• [DATA FOR THE TASK]
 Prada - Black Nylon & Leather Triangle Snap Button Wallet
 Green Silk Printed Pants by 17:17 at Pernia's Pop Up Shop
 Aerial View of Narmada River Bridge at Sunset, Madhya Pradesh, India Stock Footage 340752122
==
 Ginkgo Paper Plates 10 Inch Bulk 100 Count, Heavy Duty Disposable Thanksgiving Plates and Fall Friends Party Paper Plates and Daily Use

• [ASSIGNMENT] The lines above starting at the one that contains "Green Silk Printed" and ending at the one that contains "Aerial View of" must be transcribed exactly, and no other lines may appear.

• [RESPONSE]
 Green Silk Printed Pants by 17:17 at Pernia's Pop Up Shop
 Aerial View of Narmada River Bridge at Sunset, Madhya Pradesh, India Stock Footage 340752122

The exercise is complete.